Excerpted data START
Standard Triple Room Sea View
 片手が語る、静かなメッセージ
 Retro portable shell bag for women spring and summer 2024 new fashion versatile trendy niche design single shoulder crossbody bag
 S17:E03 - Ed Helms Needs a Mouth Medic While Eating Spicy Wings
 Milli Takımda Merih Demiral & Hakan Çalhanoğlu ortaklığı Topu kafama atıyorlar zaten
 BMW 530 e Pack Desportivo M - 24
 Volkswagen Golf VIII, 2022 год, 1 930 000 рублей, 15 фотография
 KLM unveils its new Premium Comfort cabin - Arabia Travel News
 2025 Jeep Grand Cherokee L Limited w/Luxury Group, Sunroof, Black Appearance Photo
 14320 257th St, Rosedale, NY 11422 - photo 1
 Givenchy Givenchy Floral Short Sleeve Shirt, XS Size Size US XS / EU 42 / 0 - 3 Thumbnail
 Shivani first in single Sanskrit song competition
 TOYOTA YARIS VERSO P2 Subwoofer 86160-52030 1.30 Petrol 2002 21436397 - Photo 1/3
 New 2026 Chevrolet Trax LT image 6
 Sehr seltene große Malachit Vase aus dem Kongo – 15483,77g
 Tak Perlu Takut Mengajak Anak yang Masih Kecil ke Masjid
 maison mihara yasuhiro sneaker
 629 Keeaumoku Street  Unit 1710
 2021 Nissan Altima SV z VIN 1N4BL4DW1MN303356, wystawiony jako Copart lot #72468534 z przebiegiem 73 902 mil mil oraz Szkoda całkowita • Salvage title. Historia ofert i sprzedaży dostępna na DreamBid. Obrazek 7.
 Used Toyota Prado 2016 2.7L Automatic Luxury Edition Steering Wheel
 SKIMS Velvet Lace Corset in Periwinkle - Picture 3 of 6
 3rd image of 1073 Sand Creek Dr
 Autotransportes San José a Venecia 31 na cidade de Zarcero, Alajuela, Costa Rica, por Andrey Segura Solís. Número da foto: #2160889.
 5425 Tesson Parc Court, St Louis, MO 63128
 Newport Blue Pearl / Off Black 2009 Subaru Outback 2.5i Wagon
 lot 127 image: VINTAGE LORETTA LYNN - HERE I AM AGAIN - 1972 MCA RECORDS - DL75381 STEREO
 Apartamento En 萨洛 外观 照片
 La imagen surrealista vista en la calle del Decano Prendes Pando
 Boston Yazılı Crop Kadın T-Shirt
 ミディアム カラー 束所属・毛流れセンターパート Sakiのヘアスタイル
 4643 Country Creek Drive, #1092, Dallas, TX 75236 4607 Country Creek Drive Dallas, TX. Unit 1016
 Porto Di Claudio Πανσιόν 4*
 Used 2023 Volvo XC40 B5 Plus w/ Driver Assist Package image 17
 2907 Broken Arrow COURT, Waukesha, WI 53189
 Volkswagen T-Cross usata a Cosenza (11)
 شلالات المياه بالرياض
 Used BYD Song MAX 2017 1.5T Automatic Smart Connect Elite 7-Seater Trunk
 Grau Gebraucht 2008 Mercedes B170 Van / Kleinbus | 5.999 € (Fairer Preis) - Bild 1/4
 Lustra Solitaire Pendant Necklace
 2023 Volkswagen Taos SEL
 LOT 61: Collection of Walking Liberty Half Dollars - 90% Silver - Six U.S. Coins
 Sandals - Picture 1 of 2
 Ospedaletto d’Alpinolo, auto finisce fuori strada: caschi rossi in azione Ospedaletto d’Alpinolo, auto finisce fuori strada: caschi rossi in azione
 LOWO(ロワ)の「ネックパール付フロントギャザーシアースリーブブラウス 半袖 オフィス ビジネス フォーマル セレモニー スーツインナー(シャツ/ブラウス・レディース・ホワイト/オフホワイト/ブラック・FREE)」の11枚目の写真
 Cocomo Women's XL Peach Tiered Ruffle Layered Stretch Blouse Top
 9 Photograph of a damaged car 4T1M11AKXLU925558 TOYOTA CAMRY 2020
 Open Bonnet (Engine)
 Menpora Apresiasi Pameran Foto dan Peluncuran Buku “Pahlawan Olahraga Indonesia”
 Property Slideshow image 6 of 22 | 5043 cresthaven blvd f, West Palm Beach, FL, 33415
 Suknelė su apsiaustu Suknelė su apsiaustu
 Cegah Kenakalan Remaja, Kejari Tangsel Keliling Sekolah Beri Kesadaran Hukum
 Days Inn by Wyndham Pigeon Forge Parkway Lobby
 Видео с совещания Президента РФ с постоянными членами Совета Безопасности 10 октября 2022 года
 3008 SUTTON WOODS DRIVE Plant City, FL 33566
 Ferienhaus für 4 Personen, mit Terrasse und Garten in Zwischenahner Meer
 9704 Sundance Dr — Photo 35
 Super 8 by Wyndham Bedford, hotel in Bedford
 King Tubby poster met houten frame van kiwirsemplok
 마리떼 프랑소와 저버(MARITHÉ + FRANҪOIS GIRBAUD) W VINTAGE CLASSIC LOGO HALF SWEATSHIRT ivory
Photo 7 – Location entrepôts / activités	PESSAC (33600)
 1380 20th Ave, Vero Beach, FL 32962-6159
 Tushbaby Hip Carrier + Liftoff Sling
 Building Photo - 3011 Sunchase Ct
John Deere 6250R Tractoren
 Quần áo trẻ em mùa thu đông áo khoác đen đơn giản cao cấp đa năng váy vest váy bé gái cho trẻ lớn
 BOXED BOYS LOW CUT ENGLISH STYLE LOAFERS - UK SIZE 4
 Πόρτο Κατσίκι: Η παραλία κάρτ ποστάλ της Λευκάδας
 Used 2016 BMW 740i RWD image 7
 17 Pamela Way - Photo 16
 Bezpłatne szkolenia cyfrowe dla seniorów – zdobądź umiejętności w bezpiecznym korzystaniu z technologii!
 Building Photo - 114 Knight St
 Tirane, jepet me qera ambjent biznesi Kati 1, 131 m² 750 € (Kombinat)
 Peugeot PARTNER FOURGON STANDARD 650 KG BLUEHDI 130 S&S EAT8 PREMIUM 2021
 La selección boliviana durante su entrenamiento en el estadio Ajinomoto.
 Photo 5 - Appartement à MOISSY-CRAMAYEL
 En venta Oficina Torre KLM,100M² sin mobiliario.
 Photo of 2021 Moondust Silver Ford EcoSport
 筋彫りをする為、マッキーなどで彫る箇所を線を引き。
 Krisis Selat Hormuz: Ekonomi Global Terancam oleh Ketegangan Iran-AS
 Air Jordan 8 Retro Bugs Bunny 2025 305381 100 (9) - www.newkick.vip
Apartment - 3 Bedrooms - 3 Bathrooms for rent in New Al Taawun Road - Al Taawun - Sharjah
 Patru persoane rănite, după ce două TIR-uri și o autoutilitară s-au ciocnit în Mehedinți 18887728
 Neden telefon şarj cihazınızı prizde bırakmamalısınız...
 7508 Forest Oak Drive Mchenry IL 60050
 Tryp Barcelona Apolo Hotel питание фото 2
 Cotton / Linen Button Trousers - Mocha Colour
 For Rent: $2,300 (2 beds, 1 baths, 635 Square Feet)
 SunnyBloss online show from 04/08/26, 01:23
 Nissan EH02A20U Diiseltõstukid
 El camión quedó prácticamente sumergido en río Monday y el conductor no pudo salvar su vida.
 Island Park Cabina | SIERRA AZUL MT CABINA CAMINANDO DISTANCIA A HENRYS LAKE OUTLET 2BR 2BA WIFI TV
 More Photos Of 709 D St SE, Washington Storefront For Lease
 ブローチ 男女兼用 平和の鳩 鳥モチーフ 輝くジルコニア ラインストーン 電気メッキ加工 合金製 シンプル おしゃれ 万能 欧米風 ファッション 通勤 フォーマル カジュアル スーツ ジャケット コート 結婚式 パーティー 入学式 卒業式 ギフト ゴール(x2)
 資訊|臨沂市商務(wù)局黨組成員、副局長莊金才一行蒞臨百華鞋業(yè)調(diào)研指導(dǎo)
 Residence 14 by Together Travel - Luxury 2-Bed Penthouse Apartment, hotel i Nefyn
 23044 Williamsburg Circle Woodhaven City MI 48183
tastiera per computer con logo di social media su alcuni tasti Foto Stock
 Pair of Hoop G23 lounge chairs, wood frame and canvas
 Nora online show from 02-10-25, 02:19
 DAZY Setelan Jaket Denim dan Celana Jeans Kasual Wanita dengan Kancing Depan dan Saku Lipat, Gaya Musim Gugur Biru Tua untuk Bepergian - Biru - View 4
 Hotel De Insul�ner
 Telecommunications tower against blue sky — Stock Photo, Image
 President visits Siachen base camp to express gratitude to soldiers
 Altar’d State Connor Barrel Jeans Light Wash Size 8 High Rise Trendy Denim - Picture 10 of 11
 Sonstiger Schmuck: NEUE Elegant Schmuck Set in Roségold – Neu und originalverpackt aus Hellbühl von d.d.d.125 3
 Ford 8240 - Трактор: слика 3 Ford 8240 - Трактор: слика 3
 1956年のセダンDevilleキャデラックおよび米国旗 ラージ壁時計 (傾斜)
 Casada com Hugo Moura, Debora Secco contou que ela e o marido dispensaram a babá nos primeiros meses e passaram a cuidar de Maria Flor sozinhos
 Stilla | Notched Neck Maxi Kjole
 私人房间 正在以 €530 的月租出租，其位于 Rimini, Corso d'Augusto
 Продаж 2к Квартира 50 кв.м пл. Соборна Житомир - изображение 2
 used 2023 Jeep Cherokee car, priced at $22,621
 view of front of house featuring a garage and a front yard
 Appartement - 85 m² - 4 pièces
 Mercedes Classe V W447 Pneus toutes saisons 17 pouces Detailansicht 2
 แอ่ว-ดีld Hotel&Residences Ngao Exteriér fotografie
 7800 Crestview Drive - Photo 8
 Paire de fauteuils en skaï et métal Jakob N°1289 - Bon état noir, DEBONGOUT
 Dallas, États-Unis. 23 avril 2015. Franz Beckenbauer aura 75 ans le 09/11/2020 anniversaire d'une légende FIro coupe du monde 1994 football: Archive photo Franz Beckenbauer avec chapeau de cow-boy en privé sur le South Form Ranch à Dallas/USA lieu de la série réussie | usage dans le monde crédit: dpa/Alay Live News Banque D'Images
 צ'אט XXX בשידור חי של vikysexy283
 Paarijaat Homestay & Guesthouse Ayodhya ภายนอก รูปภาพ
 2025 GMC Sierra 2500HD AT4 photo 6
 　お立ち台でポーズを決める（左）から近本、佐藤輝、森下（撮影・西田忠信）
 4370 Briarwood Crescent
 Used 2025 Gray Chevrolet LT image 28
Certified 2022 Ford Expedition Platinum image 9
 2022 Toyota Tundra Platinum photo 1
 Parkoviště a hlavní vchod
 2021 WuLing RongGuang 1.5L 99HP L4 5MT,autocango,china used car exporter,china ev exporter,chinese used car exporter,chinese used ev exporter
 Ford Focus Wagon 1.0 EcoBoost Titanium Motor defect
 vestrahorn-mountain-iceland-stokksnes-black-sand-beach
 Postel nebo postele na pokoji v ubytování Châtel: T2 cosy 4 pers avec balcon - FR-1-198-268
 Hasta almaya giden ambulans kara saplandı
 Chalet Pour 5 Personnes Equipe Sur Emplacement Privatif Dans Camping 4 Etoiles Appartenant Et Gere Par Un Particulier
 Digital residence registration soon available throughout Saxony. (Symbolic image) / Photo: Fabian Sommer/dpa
Excerpted data END
Your objective →
The range runs from the line above containing "Продаж 2к Квартира" to the line containing "7800 Crestview Drive - Photo 8", inclusive. Restate those lines word for word and no others.

Written response →
 Продаж 2к Квартира 50 кв.м пл. Соборна Житомир - изображение 2
 used 2023 Jeep Cherokee car, priced at $22,621
 view of front of house featuring a garage and a front yard
 Appartement - 85 m² - 4 pièces
 Mercedes Classe V W447 Pneus toutes saisons 17 pouces Detailansicht 2
 แอ่ว-ดีld Hotel&Residences Ngao Exteriér fotografie
 7800 Crestview Drive - Photo 8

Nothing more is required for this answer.